Well, he hasn’t started yet, but I’m sure you’re all dying to follow Ratzinger when he begins his official pontifical tweets at this Twitter site. At last check he had over 369,000 followers even though there’s only a welcome message. Of course, the Pope himself ain’t gonna follow anyone (unless God tweets!):
According to The New York Times,
Benedict is expected to send his first post at a general audience at the Vatican on Dec. 12 — a response to questions about matters of the faith that he is now accepting via the hashtag #askpontifex, officials said.
The Vatican acknowledged that it had chosen the @pontifex handle not only because of its meaning but also because many other handles had been taken.

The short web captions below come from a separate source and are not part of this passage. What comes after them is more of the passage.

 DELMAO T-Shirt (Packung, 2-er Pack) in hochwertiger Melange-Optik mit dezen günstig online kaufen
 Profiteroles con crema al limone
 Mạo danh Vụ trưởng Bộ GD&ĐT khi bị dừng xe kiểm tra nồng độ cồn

The move is aimed at drawing in the Roman Catholic Church’s 1.2 billion followers, especially young people. “The pope’s presence on Twitter can be seen as the ‘tip of the iceberg’ that is the church’s presence in the world of new media,” the Vatican said in a statement.
Just do not expect the pope to start following you on Twitter or retweeting your posts, Greg Burke, a former Fox News correspondent in Rome who was named a Vatican communications adviser this year, said at a news conference. “He won’t follow anyone for now,” Mr. Burke added. “He will be followed.”

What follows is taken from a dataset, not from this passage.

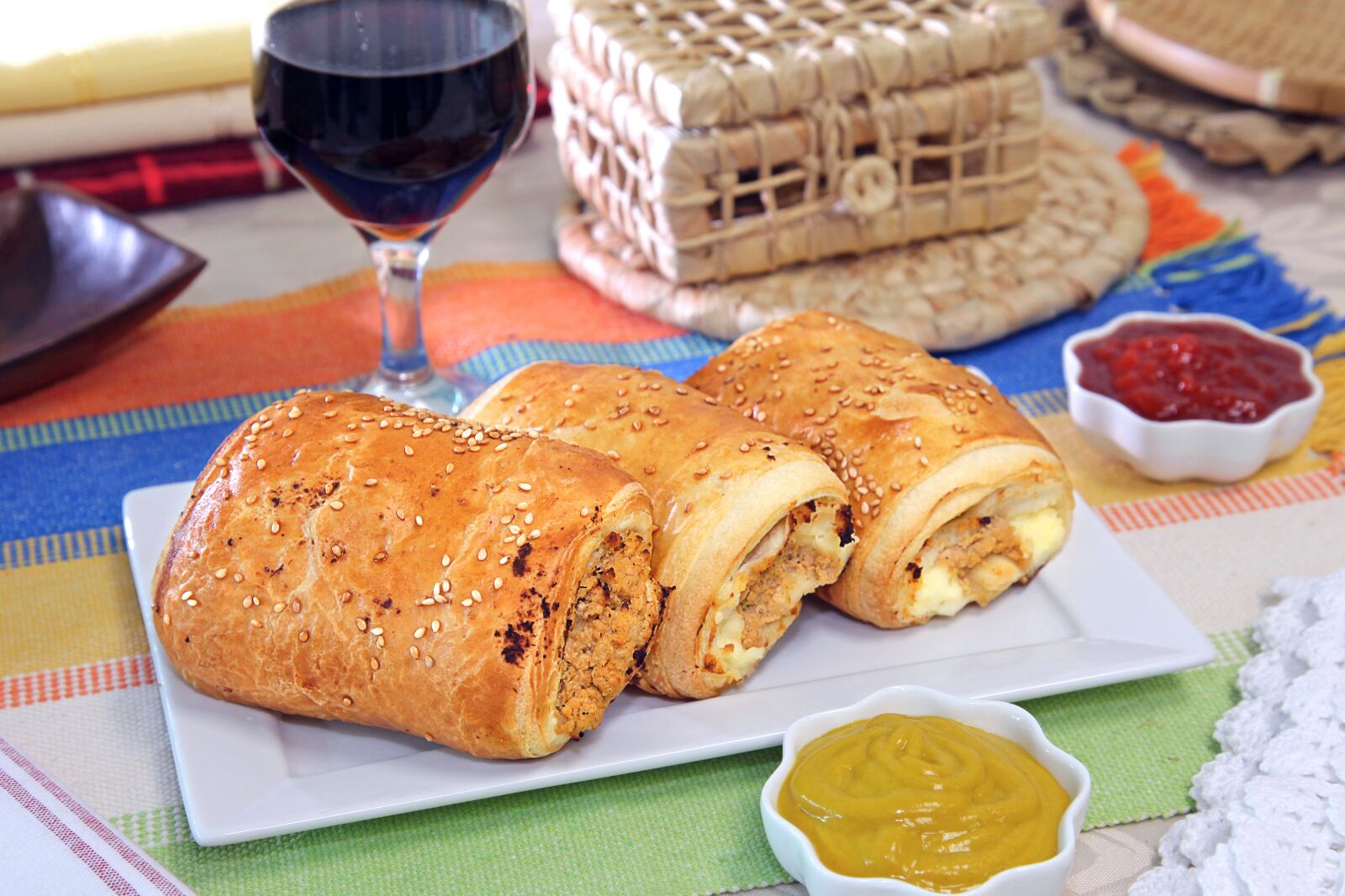 Canon EOS 5D Mark II sample photo. Bread, salted, food photography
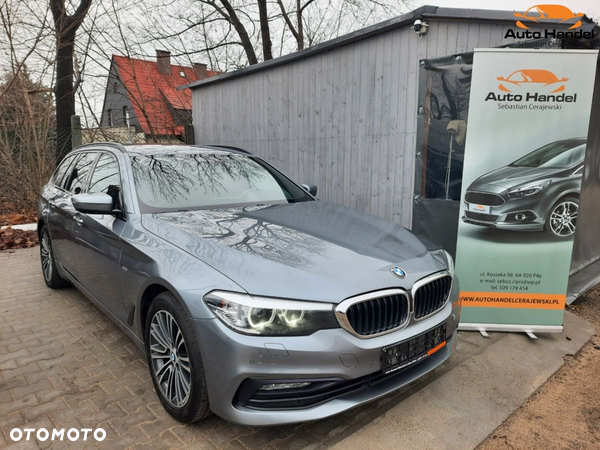 BMW Seria 5 520d xDrive Sport Line sport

Of course! But this raises the thorny status of the theological force of the messages.
Aides will write Benedict’s posts, but the pope himself will “engage and approve” the content. The pope will post messages however often he feels like it. . .
Asked whether the pope’s posts would be infallible, Msgr. Claudio Maria Celli, president of the Pontifical Council for Social Communications, laughed and said they would be part of the church Magisterium, or collective teaching, but should be considered “pearls of wisdom,” not exactly doctrine.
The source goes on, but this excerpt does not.